Image suggestion evaluation August 2020
Closed, ResolvedPublic
Actions

Description

In the parent task (T256081), @Miriam generated lists of image recommendations for six languages. In this task, the following people will evaluate the recommendations in the lists:

I put the files in tabs in this spreadsheet: https://docs.google.com/spreadsheets/d/120ux_OPnqGWwrufgAvoBFBqDiPGquK4Xgd4UevLFuu0/edit#gid=778067505 (it is also possible to view all top images with their articles at once via this link). In our first pass, we will evaluate the first 50 articles in each list. I sorted the articles randomly so we are evaluating a representative group.

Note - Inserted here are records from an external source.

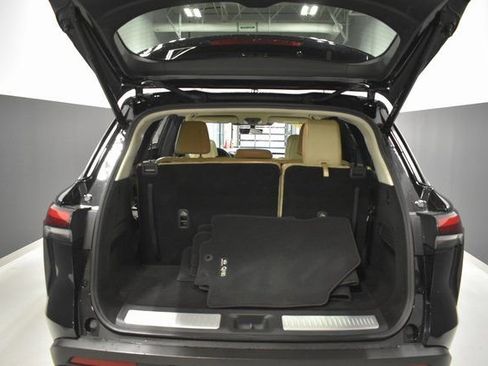 Used 2023 INFINITI QX60 Luxe image 38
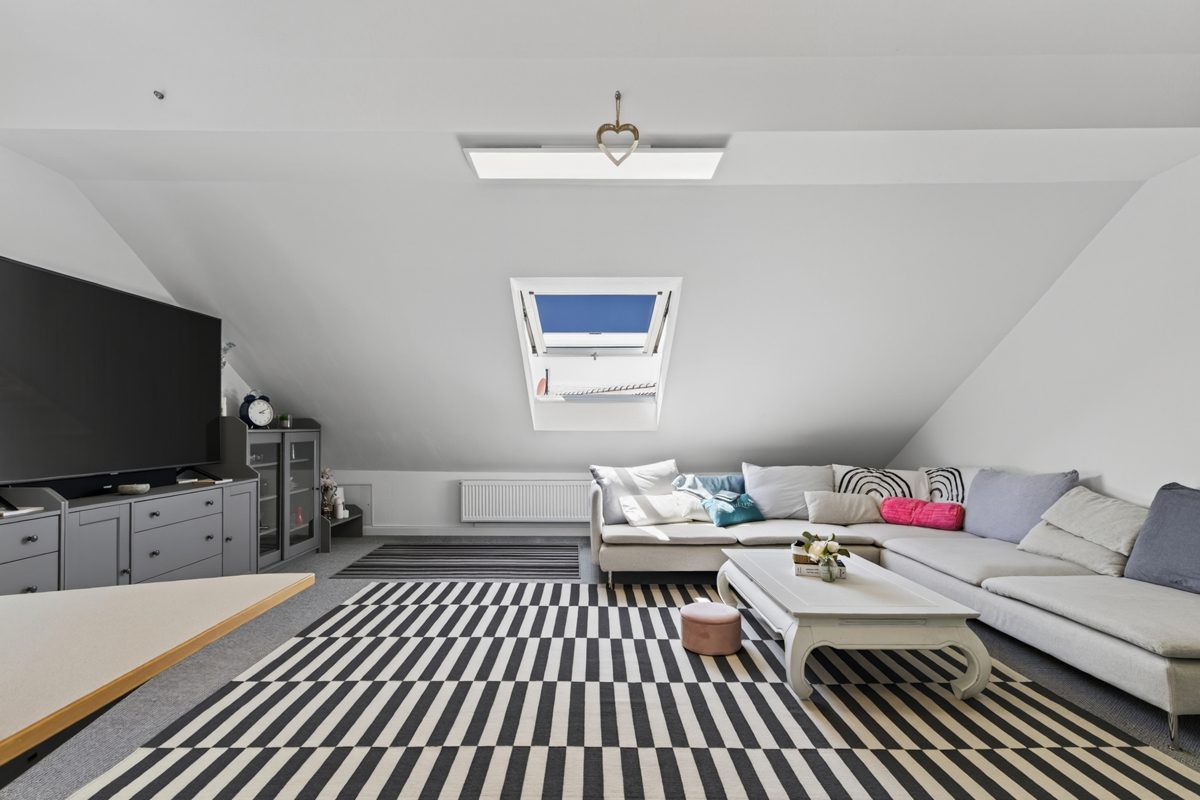 Wohnzimmer Immobilienangebot - Stutensee / Staffort - Wohnungen - Attraktive 3-Zimmer-Wohnung nach Sanierung - selbst einziehen oder clever investieren!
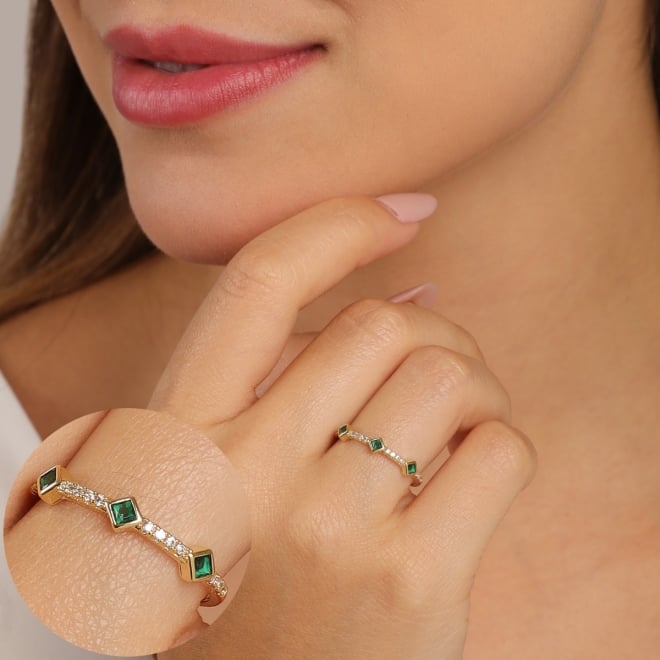 AN-01438 ANEL COM PEDRAS VERDES E DETALHES EM ZIRCÔNIA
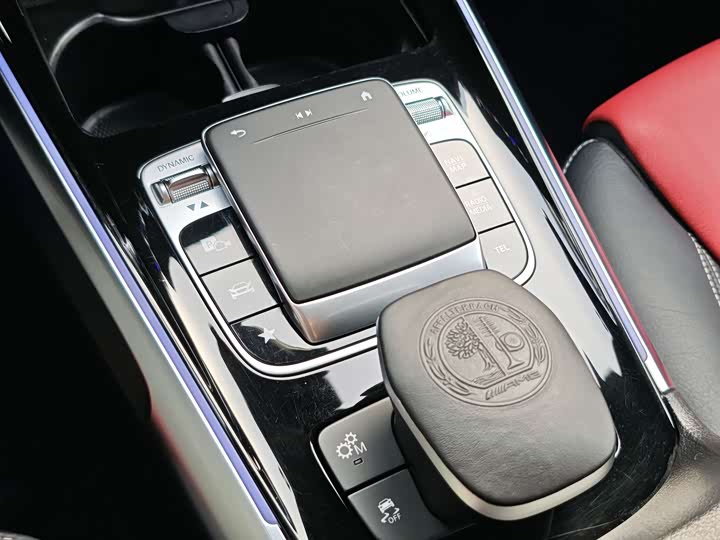 Mercedes-Benz GLB 2021 AMG GLB 35 4 MATIC — фото 30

We'll classify the "top. image" into these categories, along with explanatory comments where useful:

Classification	Explanation
2	Great match for the article, illustrating the thing that is the title of the article; e.g. the article is "Food" and it is an image of food.
1	Good match, but difficult to confirm for the article unless the user has some context, and would need a good caption; e.g. the article is "Food" and it is an image of a famous chef.
0	Not a fit for the article at all; e.g. the article is "Food" and the image is a car.
-1	Image is correct for the subject, but does not match the local culture; e.g. the article is "Food" and the image is a specific food from a specific culture that is not recognizable in the local culture.
-2	Misleading image that a newcomer could accidentally think is correct; e.g. the article is "Taco" and the image is a burrito.

Details

Due Date: Aug 27 2020, 7:00 AM

Related Objects
Search...

Status	Assigned	Task
Resolved	CBogen	T254768 [EPIC] Image recommendations proof-of-concept phase
Resolved	Miriam	T256081 Image matching algorithm
Resolved	MMiller_WMF	T260857 Image suggestion evaluation August 2020

Event Timeline

@revi @Trizek-WMF @PPham @Dyolf77_WMF @Urbanecm -- we're ready to start on this task, like we discussed in our meetings this week. Let's evaluate the first 50 article on each of our sheets. Please post any questions here. And when you're finished, please post a comment here leaving any overall notes or reactions to the algorithm.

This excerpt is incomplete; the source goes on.